Tout à fait. Cela élargit la question sur les relations politiques et militaires anciennes entre la France et ses anciennes colonies où il existe encore effectivement une part d'ombre qui entoure ces accords.

Mais après, il faut voir dans d’autres régions du monde si les accords de ce type sont toujours totalement publics. Je n'en suis pas sûr. Mais c'est clair que dans le contexte quand même d’une méfiance très forte à l'égard de la préservation de l'intérêt, il est important de mettre fin à un moment donné à cette opacité.

Pensez-vous que la France en a la volonté ? Avec la pression du Mali et de l'opinion publique d'Afrique francophone ? Cela peut changer ?

Il y a beaucoup de complexité. Il y a des intérêts à court terme mais aussi des intérêts à moyen et à long terme. Pour un pays comme la France, l'une des motivations à intervenir et être présente militairement en Afrique est la place qu’elle occupe dans le monde. Au-delà du Mali, ce qui est en jeu pour la France, c’est sa présence et son influence dans l’espace africain, en particulier en Afrique de l'ouest et dans le sahel.

Plus globalement, que nous enseigne cette tension diplomatique entre Paris et Bamako sur l’avenir des relations entre la France et ses anciennes colonies africaines ?

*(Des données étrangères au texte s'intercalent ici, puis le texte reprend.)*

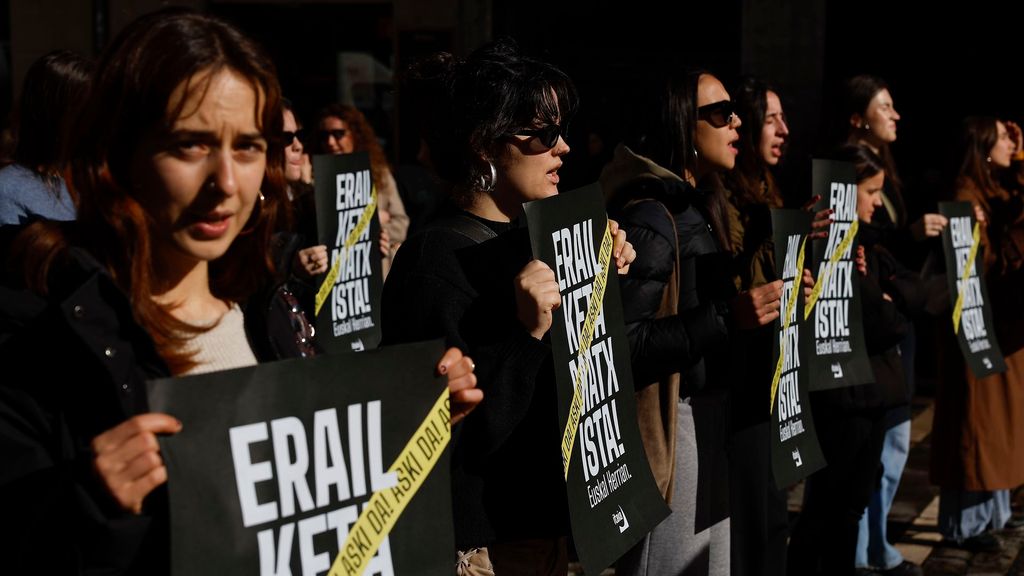 El momento en el que el Ayuntamiento de Pamplona ha condenado el último crimen machista en Sarriguren, Navarra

Ça montre en tous cas qu’on arrive aux lignes rouges. A un moment, il faudra véritablement que les décideurs français sur le plan politique comprennent vraiment ce changement d'époque avec le rajeunissement des décideurs, qu'ils soient politiques et militaires, dans les pays de la région. Et aussi, il y a les attentes des populations très majoritairement jeunes. Aujourd'hui au Mali, elles appellent en faveur de la Russie sachant que sur les plans économique et démographique, la Russie n'est pas nécessairement la puissance d’avenir dans 20-30 ans.